Providing access to knowledge is one of three historical justifications for schools. Basically, parents had to send their children to schools because the knowledge was stored there, in textbooks and in the heads of teachers. However, today’s young people swim in a sea of information, 24/7. Of course, children need teachers to help them learn to read and master numbers, but, beyond that, a new approach is required. Young people must learn how to deal with the flood of information that surrounds them. They need guidance separating wheat from chaff. They need help formulating questions, and they need to develop the habit of seeking answers, not regurgitating them. They should be going to schools where they are expected and encouraged to discover, build and cooperate. Instead, most of them endure what I call ‘regurgitation education’ in institutions that expect them to memorize the periodic table, the names of 50 state capitals and the major rivers of the United States. These “What? questions must be replaced by “Why?” and “How?” lines of inquiry. After all, the answers to “What” questions like “What is the longest river in the world?” are on everyone’s tech device.  Schools must teach skepticism and encourage curiosity.

Socialization is the second historical justification for sending children to schools. Public school was where boys and girls expanded their worlds beyond family and where young people generally learned about each other. But socialization too has been turned on its head by technology. Today there’s an App for just about everything, including ways to communicate with friends and strangers. Today’s kids don’t need school for socialization in the usual sense of interacting with their peers, because there are literally hundreds of online places for that. ‘Socialization’ takes on new meanings when kids routinely text with ‘friends they’ve never met’ across the continent or an ocean. Again, schools must adapt to this new reality and help young people understand two fundamental messages: digital is forever; and that new friend who claims to be your age and gender may be a sick stalker or worse. Schools must harness technology to help young people create knowledge out of the flood of information that now surrounds them.

Because technology also isolates, schools need to harness its powers for group activities and projects. They should also create technology-free times that provide opportunities for old fashioned (and essential) face-to-face interaction.

Only custodial care, the third reason we send kids to schools, remains unchanged. Parents still need places to send their children during the work day to keep them safe. So does the larger society, which has long since rejected child labor and does not want kids on the streets. But when schools provide only custodial care and a marginal education that denies technology’s reach and power, young people–many of whom already battle overwhelming life challenges–walk away, as at least 6,000 do every school day, for an annual dropout total of over 1 million.

Tragically, those who remain in marginal schools may find themselves in danger, because the youthful energy that ought to be devoted to meaningful learning is inevitably released, somewhere. Often it comes out in bullying, cyberbullying and other forms of child abuse by children. Marginal education that values compliance, sorting and test scores above all else generally produces dangerous schools. Smart bored kids may–and often do–go after vulnerable children, sometimes with horrifying results. Bullying is widespread.  Boys who are bullied past their breaking point may try to hurt others, while girls are likely to try to hurt themselves.  

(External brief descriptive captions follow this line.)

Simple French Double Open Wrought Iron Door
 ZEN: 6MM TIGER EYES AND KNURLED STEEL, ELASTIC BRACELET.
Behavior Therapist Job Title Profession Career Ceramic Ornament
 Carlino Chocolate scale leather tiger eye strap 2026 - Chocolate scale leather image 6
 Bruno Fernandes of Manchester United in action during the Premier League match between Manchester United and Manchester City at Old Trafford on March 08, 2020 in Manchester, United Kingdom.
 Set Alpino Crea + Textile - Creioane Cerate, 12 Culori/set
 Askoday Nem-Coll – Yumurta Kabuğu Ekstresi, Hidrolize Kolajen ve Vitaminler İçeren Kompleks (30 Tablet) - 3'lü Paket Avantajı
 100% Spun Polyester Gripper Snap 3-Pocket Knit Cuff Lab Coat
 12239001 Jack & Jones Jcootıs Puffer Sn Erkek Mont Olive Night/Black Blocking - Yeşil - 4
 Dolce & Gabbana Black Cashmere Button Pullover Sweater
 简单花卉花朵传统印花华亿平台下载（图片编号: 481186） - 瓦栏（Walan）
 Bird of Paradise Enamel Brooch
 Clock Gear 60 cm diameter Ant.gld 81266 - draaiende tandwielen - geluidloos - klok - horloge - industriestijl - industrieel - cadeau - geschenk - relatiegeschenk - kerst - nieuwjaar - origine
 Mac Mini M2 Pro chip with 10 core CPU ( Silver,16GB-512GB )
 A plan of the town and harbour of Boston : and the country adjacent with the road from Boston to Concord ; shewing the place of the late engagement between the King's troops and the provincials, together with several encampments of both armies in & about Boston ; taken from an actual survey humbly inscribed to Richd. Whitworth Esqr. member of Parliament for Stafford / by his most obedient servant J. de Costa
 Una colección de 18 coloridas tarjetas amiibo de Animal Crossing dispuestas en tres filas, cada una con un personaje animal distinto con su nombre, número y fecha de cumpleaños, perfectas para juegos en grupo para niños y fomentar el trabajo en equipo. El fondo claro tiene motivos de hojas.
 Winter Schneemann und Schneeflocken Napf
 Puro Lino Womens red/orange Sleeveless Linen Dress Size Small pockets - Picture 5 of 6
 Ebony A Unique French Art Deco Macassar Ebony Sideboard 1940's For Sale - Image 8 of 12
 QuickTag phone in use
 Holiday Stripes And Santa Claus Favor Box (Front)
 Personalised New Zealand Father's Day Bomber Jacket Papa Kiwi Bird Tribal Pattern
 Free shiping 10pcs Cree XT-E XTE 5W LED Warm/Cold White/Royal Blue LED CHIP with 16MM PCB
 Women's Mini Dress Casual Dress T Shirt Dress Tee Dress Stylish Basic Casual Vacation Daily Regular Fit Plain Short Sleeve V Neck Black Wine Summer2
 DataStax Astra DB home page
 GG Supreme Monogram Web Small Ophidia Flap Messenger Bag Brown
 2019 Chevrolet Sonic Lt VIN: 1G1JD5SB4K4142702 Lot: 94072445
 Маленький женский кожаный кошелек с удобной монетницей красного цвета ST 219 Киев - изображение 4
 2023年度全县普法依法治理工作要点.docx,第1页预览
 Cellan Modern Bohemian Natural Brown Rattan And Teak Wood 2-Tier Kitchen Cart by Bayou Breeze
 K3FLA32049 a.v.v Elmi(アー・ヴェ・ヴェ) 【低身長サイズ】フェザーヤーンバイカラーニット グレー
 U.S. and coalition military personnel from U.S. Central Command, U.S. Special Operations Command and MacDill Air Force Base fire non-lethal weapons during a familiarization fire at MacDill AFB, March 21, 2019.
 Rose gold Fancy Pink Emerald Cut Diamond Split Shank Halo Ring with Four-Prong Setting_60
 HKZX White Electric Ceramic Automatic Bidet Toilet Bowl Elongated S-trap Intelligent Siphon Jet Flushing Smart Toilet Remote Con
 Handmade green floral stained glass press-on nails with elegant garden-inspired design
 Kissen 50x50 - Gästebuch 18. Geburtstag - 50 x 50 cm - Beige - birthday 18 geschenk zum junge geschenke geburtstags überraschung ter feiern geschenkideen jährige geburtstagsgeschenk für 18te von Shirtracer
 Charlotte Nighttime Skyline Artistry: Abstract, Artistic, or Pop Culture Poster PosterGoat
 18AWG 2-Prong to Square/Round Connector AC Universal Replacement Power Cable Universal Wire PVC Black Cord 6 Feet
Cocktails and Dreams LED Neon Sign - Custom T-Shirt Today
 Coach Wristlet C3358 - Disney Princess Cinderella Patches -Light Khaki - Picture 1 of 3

Unfortunately, those in charge of public education have not been paying attention to these seismic changes. Instead they are warring over teacher competence, test scores, merit pay and union rules, issues that are fundamentally irrelevant to the world children live in.

And the longer this battle rages and the longer we postpone addressing the real issues, the greater the damage to children and, ultimately, our social structure. The drug of (phony and superficial) “School Reform” is preventing us from addressing the real issue: we send our children to schools that are inappropriate for the 21st Century. That is the problem that must be faced head on–and solved.